Une semaine après la divulgation tant attendue des résultats officiels de la Caisse de dépôt pour 2008, le ministère des Finances refuse de révéler l'ampleur des dégâts subis par le Fonds des générations créé pour rembourser la lourde dette du Québec.

«On ne sait pas encore si on divulguera l'information ou pas», a fait savoir le porte-parole du Ministère, Jacques Delorme. Si c'est oui, il faudra probablement attendre au prochain budget pour en prendre connaissance, a-t-il dit.

 

Le Fonds des générations a été confié à la Caisse de dépôt pour qu'elle le fasse fructifier. Mais cet argent mis de côté de peine et de misère par le gouvernement depuis le 1er janvier 2007 a plutôt fondu en raison de la performance désastreuse de la Caisse en 2008. Ce qu'il en reste aujourd'hui demeure un secret d'État.

Le ministère des Finances n'est pas le seul à retenir l'information. En fait, seulement deux des principaux déposants de la Caisse de dépôt ont fait connaître le taux de rendement obtenu avec leur argent. Il s'agit de la Régie des rentes du Québec (-26,4%) et la Commission de la construction (-16,99%).
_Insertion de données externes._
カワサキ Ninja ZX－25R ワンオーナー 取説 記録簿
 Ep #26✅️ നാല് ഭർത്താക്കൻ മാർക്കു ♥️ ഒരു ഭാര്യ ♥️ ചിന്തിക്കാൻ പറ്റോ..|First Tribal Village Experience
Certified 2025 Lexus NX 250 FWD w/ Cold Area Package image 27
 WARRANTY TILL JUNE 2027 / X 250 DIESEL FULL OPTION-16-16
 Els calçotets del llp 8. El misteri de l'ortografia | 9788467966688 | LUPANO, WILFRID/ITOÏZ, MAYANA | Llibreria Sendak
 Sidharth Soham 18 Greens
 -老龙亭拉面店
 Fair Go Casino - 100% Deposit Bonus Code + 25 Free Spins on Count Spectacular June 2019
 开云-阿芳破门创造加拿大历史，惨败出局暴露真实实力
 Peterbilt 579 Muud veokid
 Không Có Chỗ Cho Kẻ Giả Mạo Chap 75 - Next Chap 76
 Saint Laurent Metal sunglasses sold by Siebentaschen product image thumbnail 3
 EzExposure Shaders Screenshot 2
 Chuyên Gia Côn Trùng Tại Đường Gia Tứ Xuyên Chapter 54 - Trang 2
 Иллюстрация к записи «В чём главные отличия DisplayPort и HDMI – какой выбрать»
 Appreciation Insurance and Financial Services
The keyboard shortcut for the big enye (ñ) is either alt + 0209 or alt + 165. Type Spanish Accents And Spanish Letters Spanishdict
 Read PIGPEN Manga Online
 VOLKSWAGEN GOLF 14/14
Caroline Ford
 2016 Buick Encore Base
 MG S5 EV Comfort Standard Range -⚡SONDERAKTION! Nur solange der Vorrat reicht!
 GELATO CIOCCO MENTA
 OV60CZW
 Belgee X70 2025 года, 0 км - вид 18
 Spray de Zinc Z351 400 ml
Les autres invoquent toutes sortes de raisons pour garder le silence. À la Société d'assurance automobile (SAAQ), le porte-parole Gino Desrosiers explique que la politique de la société a toujours été de mettre cette information dans son rapport annuel et que les pertes historiques enregistrées par la Caisse de dépôt ne justifient pas une dérogation à cette politique. La Société d'assurance automobile a jusqu'au dernier jour du mois d'avril pour publier son rapport annuel.

La CSST, de son côté, attend d'avoir présenté les chiffres à son conseil d'administration, à la fin du mois, avant de les rendre publics.

Même silence du côté des régimes de retraite des employés du secteur public, dont les fonds comptent pour 55% de tout l'argent confié à la Caisse de dépôt. La Commission administrative des régimes de retraite et d'assurance (CARRA), qui administre les trois principaux régimes de retraite du secteur public, n'a toujours pas divulgué le rendement obtenu par la Caisse aux déposants de ces régimes, malgré des demandes répétées.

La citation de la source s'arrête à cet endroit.